Igmar Palsenberg maillist at chello.nl
Thu Sep 21 11:56:50 UTC 2000



> > We don't have a backup mail server as of yet, so is both preferences
> > required that point to media.metzgers.com? (What is preference=0 used for?
> > Webhosting.com tells me that it is the timeout value and is required,
> > although as I do a lookup on other servers, it does not appear that many use
> > it.)
> 
> Geez. In all my days, I've never heard *that* one before! They are clueless.
> The preference value is just that: a *preference* value. Lower numbers
> represent more preferred targets. They _are_ correct, however, in saying that
> it is a required field. If you have only one server, just list one MX record,
> and the preference value doesn't matter (I usually set it to 0 just for
> readability). It looks goofy to have two MX records with the same target and
> different preference values...

Yeah.. I wonder if it confuses things.. Looking at the problems, it's
probably the NAT box causing the problems. 

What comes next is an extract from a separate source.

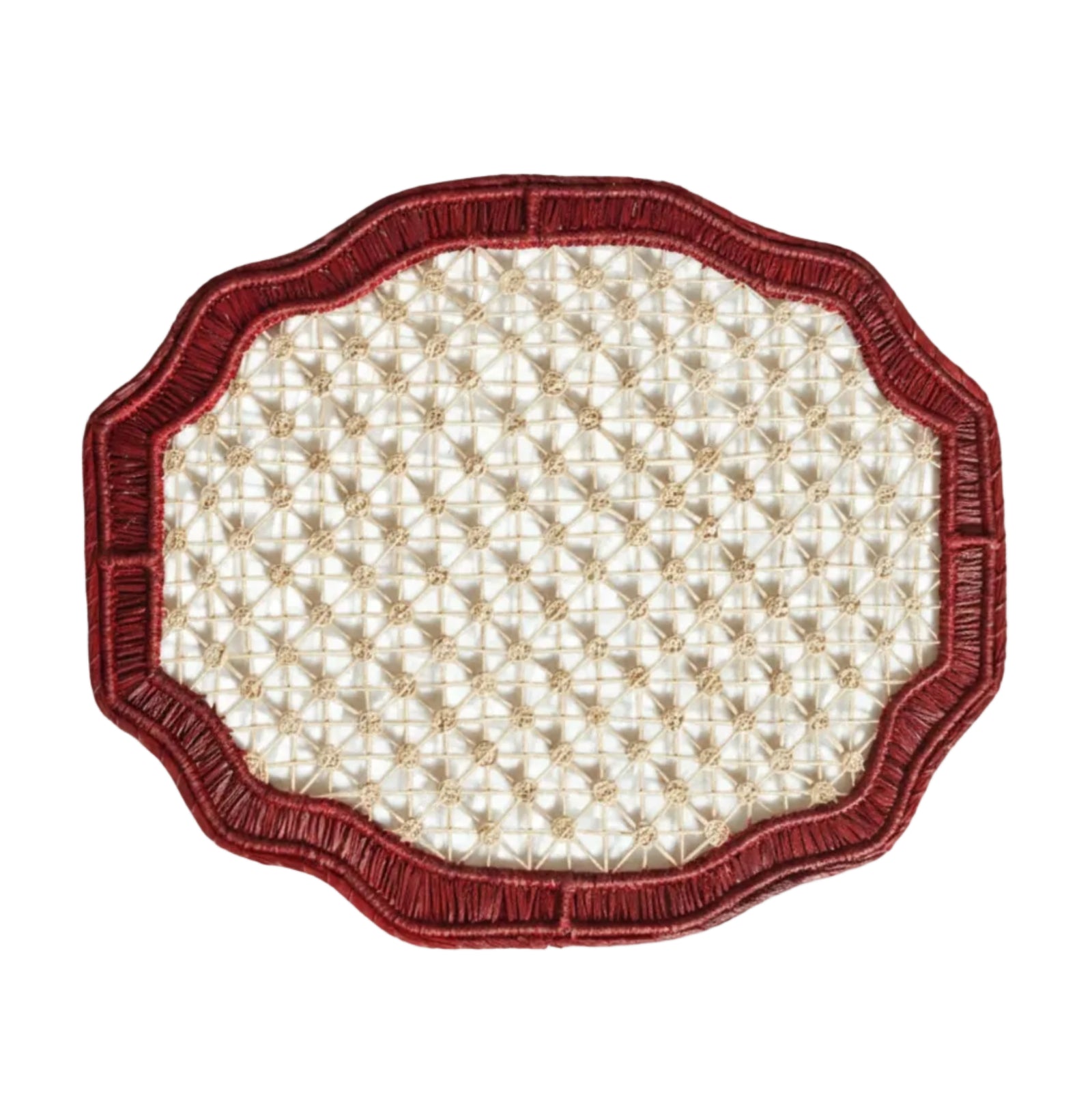 Deco geometric placemat in marsala, handwoven iraca palm, styled on a table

> Tell the folks at webhosting.com to read RFC 1035 for an education on the
> meanings of the various fields in the "original" DNS record types, including
> MX. RFC 974 provides even more information about how MX records, in particular,
> should be used in practice. Ignore all references to "WKS" records; they are
> obsolete.
> 
> > Could that be causing a loop that is delaying the delivery of mail?

No. All MTA's bark loudly when they encounter a loop. 

> Nope, it shouldn't. As long as your mail server is available, the fact that you
> have 2 MX records with the same target shouldn't cause any "loop" at all, since
> the second MX record won't be used. Even if it is, it should be relatively
> harmless for remote mailservers to retry the same mail message to the same mail
> server. And your mail server wouldn't be using MX records to figure out whether
> or not to accept a piece of mail either: this is configured right into the mail
> server. So it wouldn't cause a loop. A loop probably wouldn't generate those
> error messages, either. With sendmail, for instance, a loop usually dies with
> "Too many hops" or "hop count exceeded".
> 
> I'd be scrutinizing your NAT or your mail server instead of DNS.

Same thought.. The most probable cause is that the NAT box is dropping
connections. The easiest way is to increase the Sendmail loglevel, so that
it also logs the connections itself.

I had a major headache with a mailserver behind a Firewall-1 box. Same
errors, lots of connections getting droppen, but not all.

Putting the server on the other side 'fixed' the problem.